# Task directions
Retype the lines below exactly, but only those from the line that has "So if you like" through the line that has "In today's video". Omit every picture.

# Material for this exercise
____
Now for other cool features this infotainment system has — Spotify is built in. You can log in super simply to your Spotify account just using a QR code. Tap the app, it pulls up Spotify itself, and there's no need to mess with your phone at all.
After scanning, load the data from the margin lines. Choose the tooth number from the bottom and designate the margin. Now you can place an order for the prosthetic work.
____
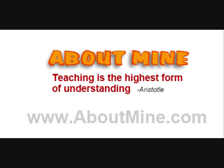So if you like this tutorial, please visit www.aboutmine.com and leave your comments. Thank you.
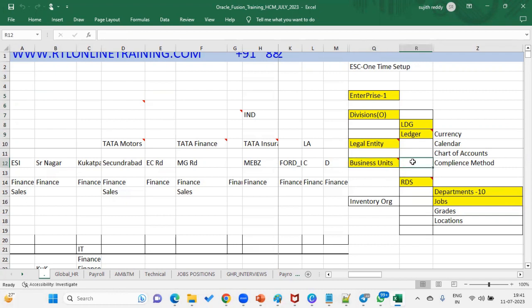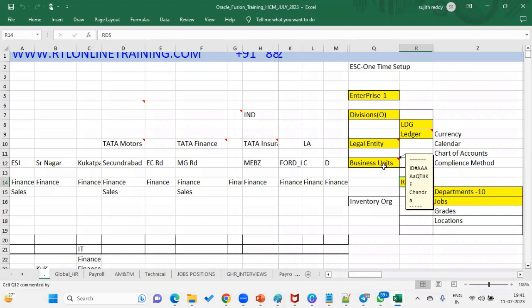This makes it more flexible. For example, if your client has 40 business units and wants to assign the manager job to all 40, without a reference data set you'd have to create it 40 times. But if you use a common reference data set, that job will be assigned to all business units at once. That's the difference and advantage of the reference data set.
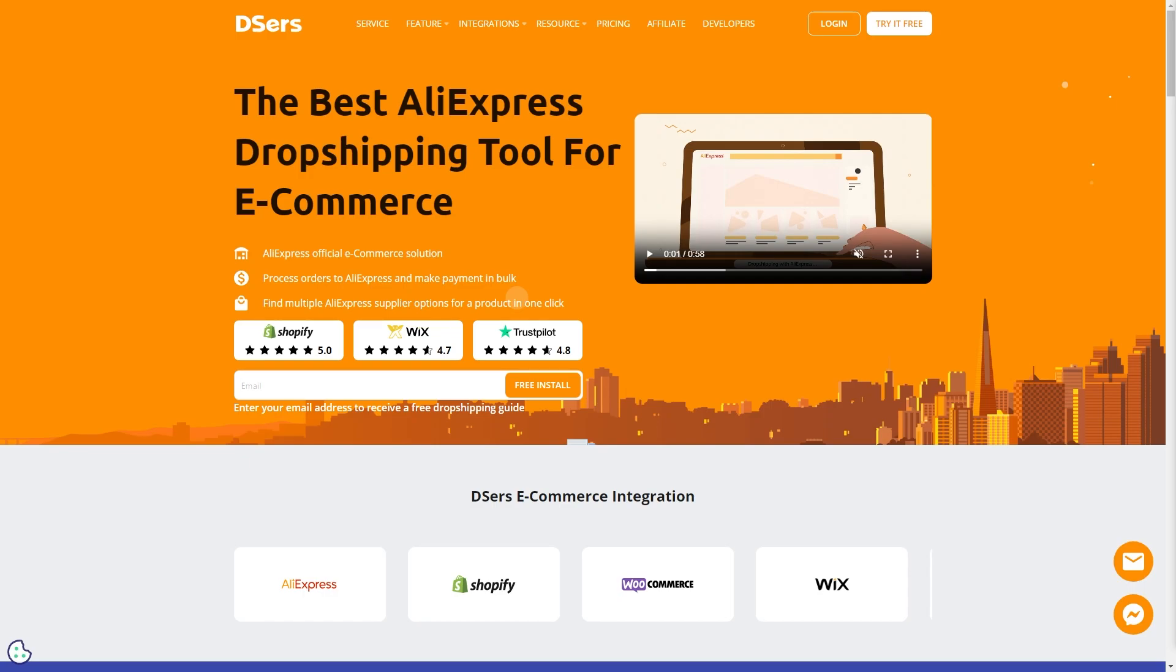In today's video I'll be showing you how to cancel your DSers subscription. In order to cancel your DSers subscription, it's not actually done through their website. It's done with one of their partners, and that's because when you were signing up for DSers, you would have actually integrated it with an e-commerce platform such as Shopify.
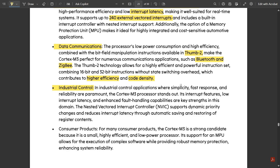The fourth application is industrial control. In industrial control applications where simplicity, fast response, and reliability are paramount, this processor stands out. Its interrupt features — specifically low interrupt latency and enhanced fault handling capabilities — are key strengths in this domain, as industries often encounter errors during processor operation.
____
# Output of the exercise
So if you like this tutorial, please visit www.aboutmine.com and leave your comments. Thank you.
This makes it more flexible. For example, if your client has 40 business units and wants to assign the manager job to all 40, without a reference data set you'd have to create it 40 times. But if you use a common reference data set, that job will be assigned to all business units at once. That's the difference and advantage of the reference data set.
In today's video I'll be showing you how to cancel your DSers subscription. In order to cancel your DSers subscription, it's not actually done through their website. It's done with one of their partners, and that's because when you were signing up for DSers, you would have actually integrated it with an e-commerce platform such as Shopify.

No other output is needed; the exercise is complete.